── DATA IN THIS EXERCISE

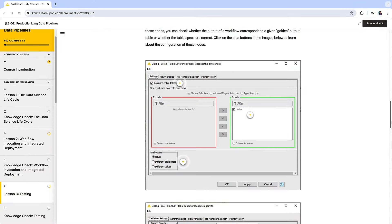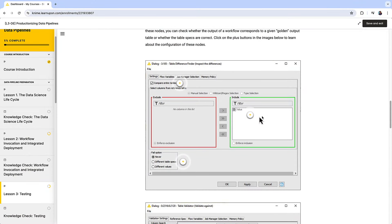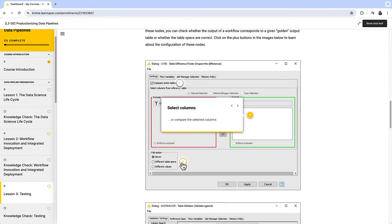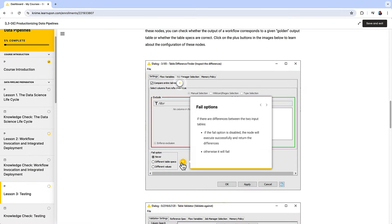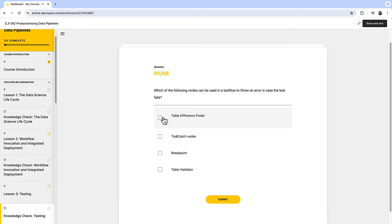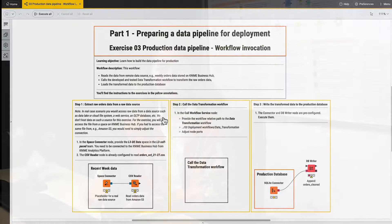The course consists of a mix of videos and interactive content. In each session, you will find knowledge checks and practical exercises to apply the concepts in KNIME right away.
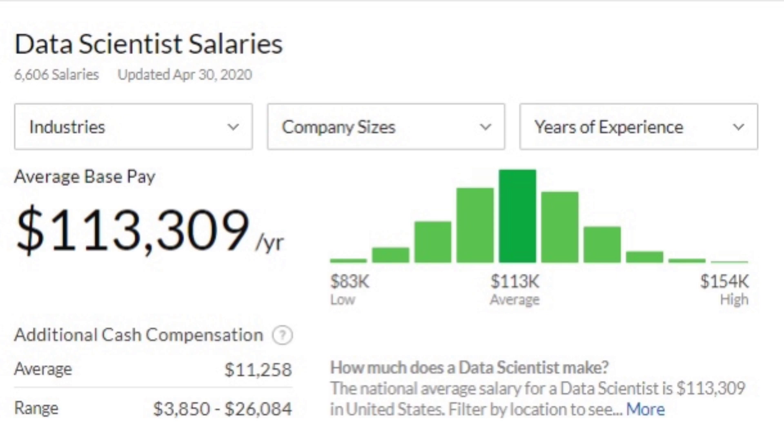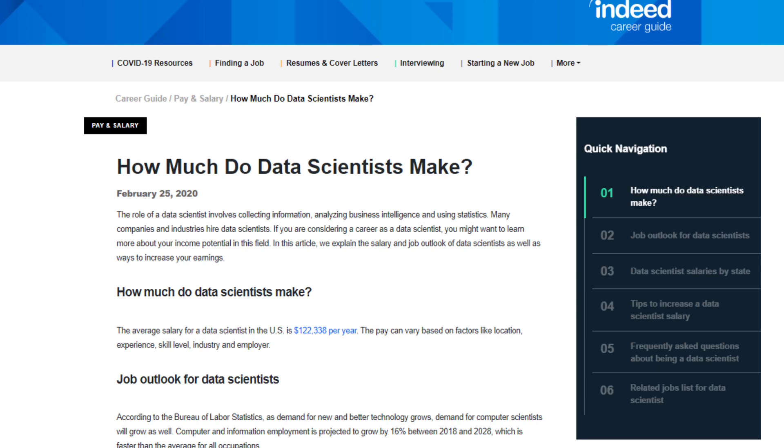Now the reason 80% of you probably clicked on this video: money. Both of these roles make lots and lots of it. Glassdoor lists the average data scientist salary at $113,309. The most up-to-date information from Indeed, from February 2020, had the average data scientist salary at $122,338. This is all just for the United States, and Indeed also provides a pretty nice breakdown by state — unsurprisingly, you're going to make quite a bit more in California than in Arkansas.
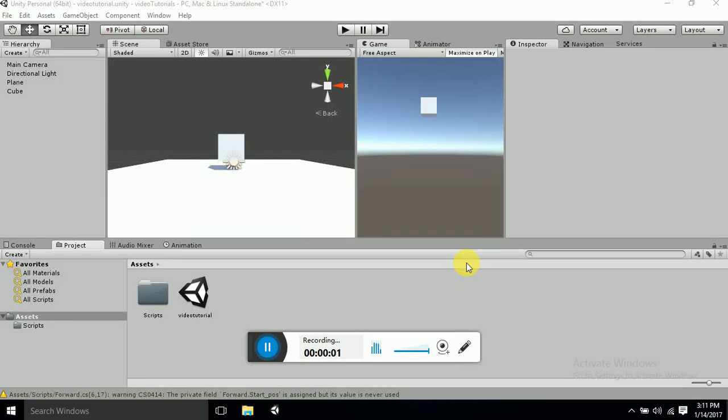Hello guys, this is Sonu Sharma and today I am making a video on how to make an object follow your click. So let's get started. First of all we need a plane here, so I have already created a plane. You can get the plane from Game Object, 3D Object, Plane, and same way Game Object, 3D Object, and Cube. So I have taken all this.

────
── DATA IN THIS EXERCISE

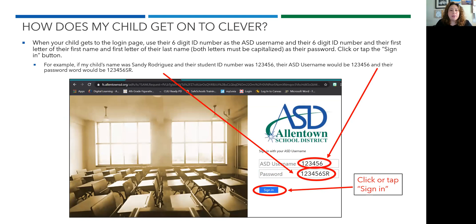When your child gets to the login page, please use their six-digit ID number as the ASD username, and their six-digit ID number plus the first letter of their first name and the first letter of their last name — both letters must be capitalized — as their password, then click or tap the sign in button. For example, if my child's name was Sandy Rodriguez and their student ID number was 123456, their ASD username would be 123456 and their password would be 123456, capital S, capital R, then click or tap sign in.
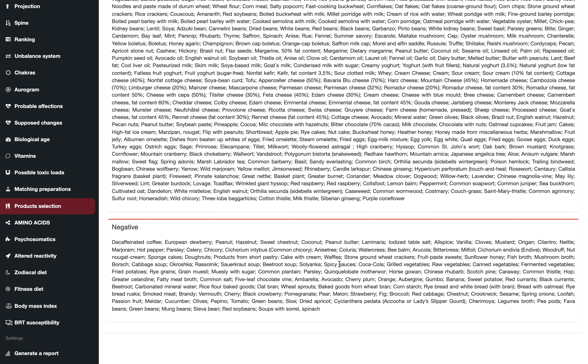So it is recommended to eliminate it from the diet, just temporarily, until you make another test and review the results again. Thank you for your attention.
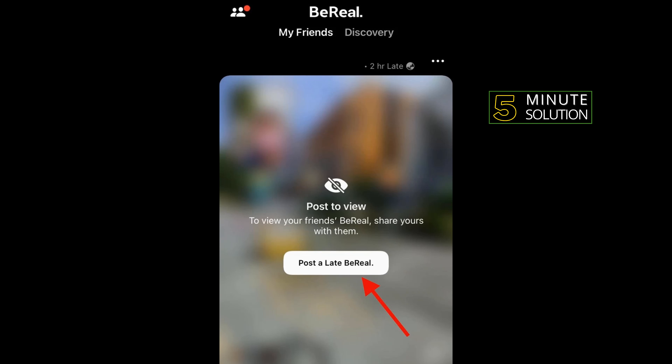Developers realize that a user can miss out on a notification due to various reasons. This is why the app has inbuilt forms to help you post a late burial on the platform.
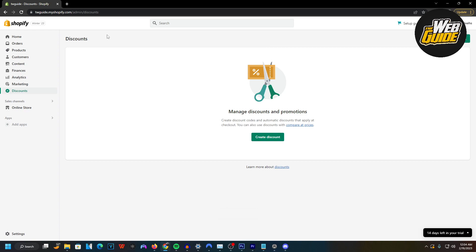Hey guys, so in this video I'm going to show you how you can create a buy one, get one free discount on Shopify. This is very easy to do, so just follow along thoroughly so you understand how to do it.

────

TASK GOAL: A verbatim reproduction is expected: starting at the line above that has "Developers realize that", ending at the line that has "Hey guys, so", both included, and with no pictures and no other lines.

RESPONSE AREA:
Developers realize that a user can miss out on a notification due to various reasons. This is why the app has inbuilt forms to help you post a late burial on the platform.
Hey guys, so in this video I'm going to show you how you can create a buy one, get one free discount on Shopify. This is very easy to do, so just follow along thoroughly so you understand how to do it.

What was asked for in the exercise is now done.